The show really caught light for me with a brilliant medley of songs during the hairdressing competition which skillfully wove in a whole raft of jokes, both visual and lyrical through five completely different styles in quick succession. Lyrically, the songs are excellent throughout, always provoking laughter, but it is sometimes hard to escape the feeling that this is one (albeit excellent) trick that is drawn out for too long.
There’s no doubting the impressive vocal skills on display here and it almost seems churlish to criticise given the workrate, but hard work alone isn’t enough.

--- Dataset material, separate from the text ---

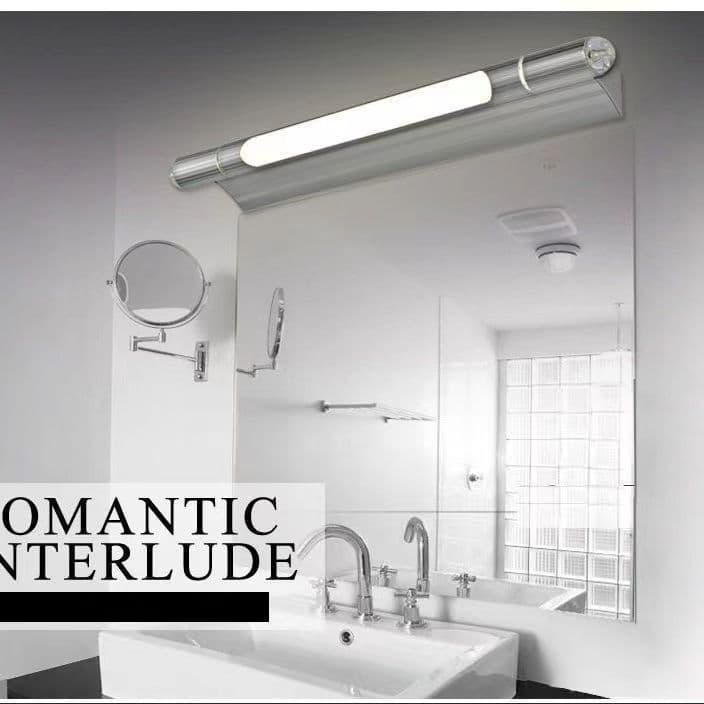 Makeup table wall light, bathroom aluminum high-transmittance PVC minimalist no-drill waterproof fog LED mirror light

Production values are perilously, shabbily low, the tunes just aren’t memorable enough, and there isn’t enough genuine quartet singing which minimises the genuine impact that the barbershop style has to offer. With such a surreal story that doesn’t engage one emotionally, there’s only so long one can admire good singing and sadly one ends up feeling a bit blase, despite the technical expertise on show.
Aside from the lyrics, nothing else really feels quite up to the necessary standard to elevate this from comedy festival success to genuine theatrical success, but I do think there is much potential in Castell and Sadler’s writing.